*Task goal*
Check every line of the material below for the string "Wrangler", and return the ones that have it.

*Dataset content*

# # # # #

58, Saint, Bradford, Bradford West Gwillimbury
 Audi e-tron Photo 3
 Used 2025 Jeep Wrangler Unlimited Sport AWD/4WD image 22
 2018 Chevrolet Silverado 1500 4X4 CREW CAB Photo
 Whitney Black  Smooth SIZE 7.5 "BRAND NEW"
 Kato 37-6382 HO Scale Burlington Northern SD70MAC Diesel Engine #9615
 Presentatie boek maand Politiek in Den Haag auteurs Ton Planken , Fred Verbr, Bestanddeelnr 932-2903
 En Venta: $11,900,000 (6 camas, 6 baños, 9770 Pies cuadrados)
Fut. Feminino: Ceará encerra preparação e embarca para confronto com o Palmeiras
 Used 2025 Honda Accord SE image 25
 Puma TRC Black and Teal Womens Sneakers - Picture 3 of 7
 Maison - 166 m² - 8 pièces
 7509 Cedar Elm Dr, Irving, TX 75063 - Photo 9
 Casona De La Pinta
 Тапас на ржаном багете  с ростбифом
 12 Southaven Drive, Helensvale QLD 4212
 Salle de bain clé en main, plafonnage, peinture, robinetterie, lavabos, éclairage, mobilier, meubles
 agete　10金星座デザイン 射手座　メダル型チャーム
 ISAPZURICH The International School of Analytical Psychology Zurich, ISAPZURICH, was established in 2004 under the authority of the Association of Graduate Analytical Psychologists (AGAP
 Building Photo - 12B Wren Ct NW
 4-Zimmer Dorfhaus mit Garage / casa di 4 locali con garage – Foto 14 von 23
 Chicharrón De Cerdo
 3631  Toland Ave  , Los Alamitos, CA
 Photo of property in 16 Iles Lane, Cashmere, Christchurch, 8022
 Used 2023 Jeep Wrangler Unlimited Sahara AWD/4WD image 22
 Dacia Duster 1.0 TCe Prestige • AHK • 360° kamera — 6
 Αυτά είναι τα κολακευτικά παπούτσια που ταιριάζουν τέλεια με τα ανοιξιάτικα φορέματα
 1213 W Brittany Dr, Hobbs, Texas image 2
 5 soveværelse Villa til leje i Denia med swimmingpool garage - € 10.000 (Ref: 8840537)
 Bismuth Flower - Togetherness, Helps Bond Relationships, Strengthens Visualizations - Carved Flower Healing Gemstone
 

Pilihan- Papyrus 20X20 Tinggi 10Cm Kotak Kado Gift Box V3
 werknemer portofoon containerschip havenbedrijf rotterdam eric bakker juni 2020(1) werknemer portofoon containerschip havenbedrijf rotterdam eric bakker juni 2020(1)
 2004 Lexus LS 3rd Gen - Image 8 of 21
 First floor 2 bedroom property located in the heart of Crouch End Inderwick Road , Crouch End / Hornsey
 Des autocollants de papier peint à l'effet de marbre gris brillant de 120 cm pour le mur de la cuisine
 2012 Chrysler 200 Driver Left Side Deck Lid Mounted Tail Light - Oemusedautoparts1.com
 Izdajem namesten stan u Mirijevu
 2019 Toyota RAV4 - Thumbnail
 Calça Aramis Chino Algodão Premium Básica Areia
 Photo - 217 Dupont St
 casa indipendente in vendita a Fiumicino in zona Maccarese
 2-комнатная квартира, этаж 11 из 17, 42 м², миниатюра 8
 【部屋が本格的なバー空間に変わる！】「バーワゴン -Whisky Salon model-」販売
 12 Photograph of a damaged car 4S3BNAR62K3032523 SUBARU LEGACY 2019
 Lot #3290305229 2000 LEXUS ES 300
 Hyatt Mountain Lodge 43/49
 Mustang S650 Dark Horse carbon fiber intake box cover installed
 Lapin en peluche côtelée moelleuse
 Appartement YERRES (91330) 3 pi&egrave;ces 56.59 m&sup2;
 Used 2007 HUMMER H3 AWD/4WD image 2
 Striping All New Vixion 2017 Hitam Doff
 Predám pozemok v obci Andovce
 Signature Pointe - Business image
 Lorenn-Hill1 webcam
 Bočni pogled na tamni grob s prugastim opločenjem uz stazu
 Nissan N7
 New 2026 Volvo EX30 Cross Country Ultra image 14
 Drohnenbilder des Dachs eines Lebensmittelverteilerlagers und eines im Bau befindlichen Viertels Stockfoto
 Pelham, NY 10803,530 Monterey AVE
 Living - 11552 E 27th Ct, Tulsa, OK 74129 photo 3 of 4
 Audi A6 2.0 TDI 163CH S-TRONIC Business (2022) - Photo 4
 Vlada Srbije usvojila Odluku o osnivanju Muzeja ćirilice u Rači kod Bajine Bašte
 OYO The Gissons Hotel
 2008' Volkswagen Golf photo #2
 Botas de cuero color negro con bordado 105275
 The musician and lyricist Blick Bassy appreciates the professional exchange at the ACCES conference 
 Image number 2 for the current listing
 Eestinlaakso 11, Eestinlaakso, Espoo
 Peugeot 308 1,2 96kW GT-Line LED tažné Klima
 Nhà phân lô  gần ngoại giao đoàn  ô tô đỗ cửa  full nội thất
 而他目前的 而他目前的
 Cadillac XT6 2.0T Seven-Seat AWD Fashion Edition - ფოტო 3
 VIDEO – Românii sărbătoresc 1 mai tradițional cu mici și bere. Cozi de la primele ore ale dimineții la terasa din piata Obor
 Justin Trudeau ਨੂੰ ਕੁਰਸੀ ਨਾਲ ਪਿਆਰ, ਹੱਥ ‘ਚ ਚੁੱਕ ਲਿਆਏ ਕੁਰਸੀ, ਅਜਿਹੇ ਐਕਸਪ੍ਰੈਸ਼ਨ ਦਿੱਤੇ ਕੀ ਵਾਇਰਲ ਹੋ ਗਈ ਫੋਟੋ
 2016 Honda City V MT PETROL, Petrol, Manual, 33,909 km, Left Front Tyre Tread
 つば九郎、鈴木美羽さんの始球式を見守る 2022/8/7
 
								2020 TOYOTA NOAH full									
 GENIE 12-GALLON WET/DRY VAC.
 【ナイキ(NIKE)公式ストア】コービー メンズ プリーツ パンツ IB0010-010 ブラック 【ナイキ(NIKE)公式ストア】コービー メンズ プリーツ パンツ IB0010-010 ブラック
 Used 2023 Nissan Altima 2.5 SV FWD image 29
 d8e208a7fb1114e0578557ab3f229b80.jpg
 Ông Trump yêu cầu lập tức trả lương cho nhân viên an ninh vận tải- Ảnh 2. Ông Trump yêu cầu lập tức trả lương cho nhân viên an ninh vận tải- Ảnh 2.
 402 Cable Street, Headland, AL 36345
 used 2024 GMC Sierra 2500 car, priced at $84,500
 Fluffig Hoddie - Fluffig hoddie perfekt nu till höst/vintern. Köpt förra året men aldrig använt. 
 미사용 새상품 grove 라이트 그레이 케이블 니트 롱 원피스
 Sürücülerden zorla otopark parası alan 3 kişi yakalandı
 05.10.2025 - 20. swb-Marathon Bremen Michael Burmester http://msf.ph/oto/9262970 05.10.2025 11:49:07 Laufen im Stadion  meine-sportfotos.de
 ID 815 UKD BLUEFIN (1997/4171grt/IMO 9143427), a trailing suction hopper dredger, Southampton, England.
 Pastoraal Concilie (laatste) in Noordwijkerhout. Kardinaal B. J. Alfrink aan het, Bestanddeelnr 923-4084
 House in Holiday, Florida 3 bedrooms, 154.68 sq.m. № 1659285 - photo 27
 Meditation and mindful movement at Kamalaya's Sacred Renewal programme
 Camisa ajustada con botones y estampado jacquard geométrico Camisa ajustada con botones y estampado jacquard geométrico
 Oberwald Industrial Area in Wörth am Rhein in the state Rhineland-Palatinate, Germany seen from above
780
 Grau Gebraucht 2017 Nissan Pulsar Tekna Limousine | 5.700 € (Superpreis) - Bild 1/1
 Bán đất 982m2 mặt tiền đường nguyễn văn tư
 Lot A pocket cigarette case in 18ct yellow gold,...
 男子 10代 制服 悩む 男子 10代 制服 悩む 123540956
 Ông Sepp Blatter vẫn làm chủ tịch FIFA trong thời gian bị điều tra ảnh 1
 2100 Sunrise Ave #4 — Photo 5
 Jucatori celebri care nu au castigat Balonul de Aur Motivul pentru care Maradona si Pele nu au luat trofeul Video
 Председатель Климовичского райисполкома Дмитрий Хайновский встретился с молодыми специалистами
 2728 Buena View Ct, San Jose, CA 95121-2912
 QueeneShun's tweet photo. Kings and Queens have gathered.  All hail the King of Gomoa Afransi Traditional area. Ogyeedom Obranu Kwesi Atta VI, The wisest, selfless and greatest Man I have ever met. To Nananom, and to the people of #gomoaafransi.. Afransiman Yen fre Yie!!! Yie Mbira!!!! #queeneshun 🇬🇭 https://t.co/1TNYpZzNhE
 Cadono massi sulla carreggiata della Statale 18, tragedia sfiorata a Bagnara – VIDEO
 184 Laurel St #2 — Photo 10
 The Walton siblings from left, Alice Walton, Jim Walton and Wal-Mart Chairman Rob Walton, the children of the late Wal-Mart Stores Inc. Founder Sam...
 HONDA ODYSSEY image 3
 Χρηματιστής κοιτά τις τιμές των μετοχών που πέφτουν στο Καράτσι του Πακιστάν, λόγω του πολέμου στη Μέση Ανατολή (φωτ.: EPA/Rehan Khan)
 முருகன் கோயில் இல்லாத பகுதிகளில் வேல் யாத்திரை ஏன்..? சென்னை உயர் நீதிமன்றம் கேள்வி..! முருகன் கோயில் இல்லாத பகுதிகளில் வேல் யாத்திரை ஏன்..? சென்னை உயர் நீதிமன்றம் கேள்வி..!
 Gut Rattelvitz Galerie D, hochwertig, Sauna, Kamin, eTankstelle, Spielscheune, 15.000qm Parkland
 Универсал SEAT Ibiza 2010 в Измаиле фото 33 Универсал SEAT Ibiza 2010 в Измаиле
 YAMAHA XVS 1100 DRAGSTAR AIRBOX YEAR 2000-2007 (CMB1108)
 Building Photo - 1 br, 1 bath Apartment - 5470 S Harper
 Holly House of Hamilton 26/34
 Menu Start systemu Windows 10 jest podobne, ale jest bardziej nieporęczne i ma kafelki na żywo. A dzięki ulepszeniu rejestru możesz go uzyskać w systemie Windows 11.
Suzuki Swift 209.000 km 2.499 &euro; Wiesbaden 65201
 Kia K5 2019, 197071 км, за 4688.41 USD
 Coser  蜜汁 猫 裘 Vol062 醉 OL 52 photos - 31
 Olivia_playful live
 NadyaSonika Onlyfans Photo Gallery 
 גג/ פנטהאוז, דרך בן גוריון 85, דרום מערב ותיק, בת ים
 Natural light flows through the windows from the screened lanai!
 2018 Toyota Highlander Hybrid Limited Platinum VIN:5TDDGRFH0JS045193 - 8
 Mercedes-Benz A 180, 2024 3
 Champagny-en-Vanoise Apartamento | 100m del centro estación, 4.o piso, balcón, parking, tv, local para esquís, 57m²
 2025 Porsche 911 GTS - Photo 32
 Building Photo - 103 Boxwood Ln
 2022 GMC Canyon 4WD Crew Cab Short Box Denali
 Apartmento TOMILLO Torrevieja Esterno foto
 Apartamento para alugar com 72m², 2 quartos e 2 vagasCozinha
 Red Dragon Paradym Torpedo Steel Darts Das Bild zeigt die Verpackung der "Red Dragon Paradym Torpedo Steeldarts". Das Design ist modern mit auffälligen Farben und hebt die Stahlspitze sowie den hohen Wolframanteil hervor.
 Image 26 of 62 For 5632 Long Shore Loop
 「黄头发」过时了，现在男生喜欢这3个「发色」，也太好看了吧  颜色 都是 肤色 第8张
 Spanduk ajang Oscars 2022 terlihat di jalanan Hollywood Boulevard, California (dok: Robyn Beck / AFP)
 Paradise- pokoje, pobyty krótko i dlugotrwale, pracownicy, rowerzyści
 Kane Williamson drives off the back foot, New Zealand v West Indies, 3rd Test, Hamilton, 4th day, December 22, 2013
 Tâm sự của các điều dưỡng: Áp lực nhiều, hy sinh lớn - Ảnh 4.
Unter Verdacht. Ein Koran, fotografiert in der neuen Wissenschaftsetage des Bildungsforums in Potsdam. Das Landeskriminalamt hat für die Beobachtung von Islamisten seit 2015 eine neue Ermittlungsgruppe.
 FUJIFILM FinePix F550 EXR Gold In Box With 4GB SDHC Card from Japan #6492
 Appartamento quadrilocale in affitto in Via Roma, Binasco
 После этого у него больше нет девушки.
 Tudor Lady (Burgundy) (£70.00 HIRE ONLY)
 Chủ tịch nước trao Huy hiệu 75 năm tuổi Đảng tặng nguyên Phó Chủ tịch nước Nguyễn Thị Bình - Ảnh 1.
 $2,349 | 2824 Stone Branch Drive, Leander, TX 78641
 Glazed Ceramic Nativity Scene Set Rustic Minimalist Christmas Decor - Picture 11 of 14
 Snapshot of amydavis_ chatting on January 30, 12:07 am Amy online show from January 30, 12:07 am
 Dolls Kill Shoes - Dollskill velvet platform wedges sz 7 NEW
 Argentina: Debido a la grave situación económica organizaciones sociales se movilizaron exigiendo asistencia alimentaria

# # # # #

*Response area*
 Used 2025 Jeep Wrangler Unlimited Sport AWD/4WD image 22
 Used 2023 Jeep Wrangler Unlimited Sahara AWD/4WD image 22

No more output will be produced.